**TASK GOAL:** In the listing below, the lines starting at the line with "Ayutthaya Landmark Tour" and ending at the line with "冷凍いちご 3kg いちご" are to be output verbatim. Images stay out of the copy.

**EXTRACTED INFORMATION:**
§

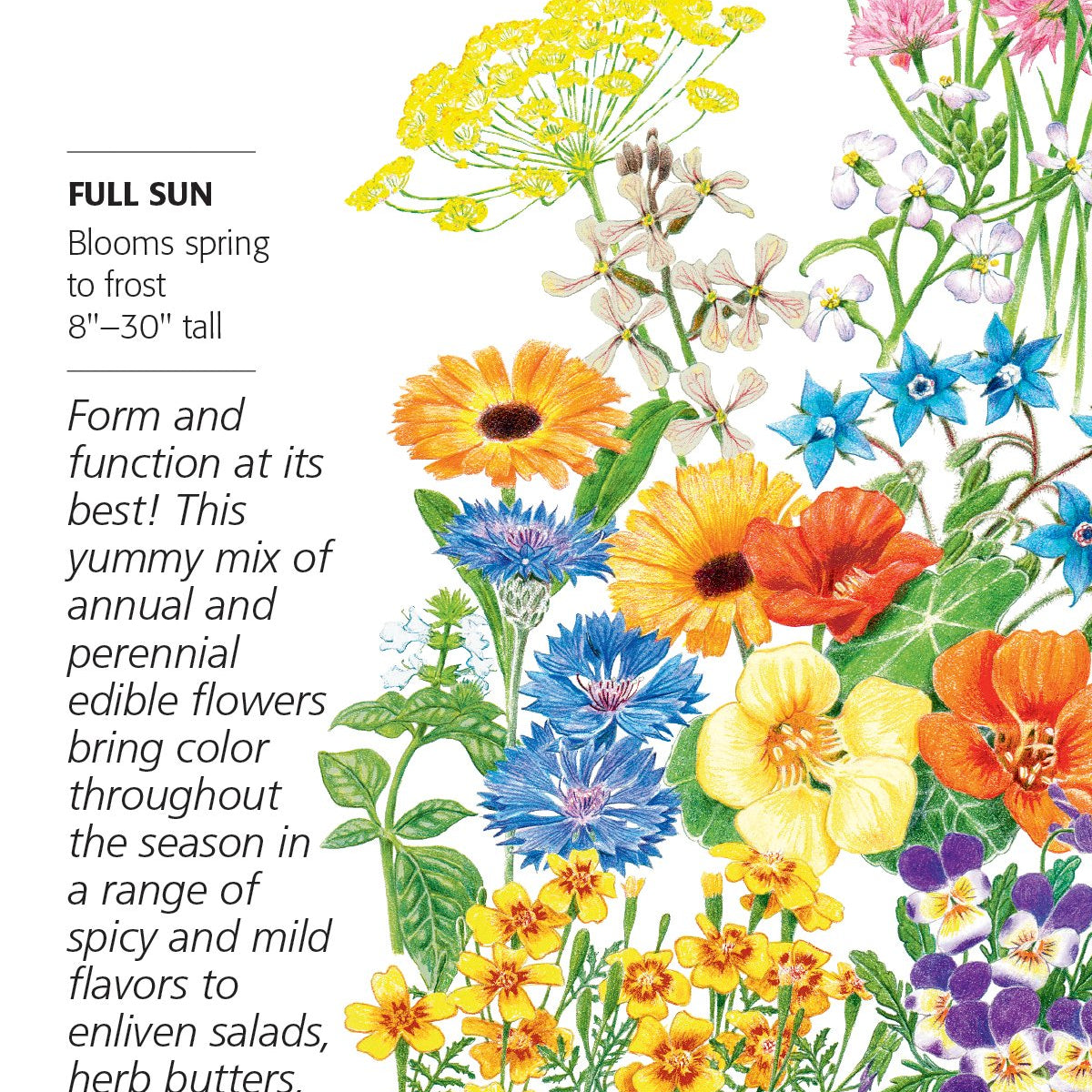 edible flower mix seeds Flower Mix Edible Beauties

§

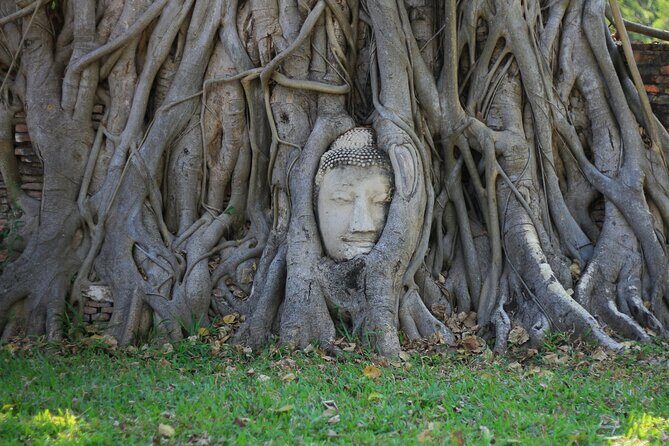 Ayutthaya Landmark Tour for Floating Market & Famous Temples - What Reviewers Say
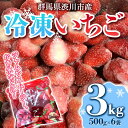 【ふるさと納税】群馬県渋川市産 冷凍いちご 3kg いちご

§

**PROBLEM SOLUTION:**
 Ayutthaya Landmark Tour for Floating Market & Famous Temples - What Reviewers Say
 【ふるさと納税】群馬県渋川市産 冷凍いちご 3kg いちご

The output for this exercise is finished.